_Work instruction_
In the material below, the lines from the one containing "Macro detail of" through the one containing "Ev yapımı kahvaltı." are to be given again exactly, ends included, and no others.

---

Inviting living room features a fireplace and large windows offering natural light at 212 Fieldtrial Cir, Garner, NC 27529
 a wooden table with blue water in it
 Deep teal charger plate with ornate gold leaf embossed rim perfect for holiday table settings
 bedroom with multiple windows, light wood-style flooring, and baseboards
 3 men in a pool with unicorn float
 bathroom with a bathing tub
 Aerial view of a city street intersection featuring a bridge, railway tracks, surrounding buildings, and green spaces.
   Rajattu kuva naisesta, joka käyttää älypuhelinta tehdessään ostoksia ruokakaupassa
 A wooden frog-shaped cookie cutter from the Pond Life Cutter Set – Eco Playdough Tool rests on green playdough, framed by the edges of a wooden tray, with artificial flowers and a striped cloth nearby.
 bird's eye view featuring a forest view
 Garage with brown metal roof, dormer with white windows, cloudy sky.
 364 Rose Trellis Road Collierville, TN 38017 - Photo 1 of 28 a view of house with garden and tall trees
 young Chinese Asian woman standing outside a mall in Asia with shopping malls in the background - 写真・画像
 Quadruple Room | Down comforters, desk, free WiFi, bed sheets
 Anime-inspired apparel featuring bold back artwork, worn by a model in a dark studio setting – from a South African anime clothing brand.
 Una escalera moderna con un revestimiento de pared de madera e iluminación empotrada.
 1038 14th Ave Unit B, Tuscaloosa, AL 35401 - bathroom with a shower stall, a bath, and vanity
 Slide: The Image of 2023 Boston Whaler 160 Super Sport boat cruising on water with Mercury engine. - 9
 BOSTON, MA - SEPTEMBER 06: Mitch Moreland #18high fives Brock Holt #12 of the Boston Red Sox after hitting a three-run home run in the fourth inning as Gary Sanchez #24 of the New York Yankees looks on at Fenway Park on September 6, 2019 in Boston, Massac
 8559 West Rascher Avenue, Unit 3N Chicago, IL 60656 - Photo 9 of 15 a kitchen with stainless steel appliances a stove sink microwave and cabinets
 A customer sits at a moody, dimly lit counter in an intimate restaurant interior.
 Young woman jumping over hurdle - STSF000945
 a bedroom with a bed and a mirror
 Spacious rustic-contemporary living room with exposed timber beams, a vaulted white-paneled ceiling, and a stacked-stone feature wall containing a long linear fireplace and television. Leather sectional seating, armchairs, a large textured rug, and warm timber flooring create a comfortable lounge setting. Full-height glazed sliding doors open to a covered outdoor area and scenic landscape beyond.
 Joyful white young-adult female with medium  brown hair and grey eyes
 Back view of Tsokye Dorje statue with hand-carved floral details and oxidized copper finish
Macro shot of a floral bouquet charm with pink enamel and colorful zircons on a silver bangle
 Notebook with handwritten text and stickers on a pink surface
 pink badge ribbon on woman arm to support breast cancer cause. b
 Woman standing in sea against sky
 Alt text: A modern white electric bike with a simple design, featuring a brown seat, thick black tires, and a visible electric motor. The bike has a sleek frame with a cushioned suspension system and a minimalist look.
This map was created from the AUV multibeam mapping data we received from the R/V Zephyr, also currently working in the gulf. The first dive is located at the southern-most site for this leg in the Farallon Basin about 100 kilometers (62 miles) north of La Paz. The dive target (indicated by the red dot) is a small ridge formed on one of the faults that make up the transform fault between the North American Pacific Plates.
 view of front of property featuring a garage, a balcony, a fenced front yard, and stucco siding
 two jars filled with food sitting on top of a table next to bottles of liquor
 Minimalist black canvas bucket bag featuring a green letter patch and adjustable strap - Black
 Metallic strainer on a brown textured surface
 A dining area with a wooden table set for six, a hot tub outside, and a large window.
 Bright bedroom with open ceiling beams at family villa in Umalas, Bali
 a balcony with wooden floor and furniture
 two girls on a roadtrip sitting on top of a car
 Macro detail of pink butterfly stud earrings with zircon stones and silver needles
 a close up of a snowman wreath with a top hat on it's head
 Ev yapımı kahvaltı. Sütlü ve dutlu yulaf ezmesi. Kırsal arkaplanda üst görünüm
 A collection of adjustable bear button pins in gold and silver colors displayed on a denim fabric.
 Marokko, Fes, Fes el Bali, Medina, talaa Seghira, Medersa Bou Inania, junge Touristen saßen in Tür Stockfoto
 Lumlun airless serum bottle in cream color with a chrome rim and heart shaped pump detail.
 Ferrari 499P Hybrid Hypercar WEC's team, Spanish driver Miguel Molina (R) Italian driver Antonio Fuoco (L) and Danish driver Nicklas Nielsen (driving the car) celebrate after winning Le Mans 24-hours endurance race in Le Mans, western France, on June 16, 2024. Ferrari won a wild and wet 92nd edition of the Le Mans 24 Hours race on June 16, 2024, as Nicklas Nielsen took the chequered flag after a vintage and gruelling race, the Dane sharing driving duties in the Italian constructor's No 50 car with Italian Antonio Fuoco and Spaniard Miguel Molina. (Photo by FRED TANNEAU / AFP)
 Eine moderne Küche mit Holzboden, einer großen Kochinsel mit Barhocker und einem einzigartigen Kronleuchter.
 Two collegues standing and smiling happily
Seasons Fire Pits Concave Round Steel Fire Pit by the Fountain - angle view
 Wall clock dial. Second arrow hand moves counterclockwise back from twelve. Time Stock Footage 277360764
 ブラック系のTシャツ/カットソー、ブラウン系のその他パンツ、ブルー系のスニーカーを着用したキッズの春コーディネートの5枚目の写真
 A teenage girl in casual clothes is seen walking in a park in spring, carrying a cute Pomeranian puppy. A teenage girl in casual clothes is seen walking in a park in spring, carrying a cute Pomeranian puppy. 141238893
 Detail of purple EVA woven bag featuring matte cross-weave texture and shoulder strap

---

_The answer_
 Macro detail of pink butterfly stud earrings with zircon stones and silver needles
 a close up of a snowman wreath with a top hat on it's head
 Ev yapımı kahvaltı. Sütlü ve dutlu yulaf ezmesi. Kırsal arkaplanda üst görünüm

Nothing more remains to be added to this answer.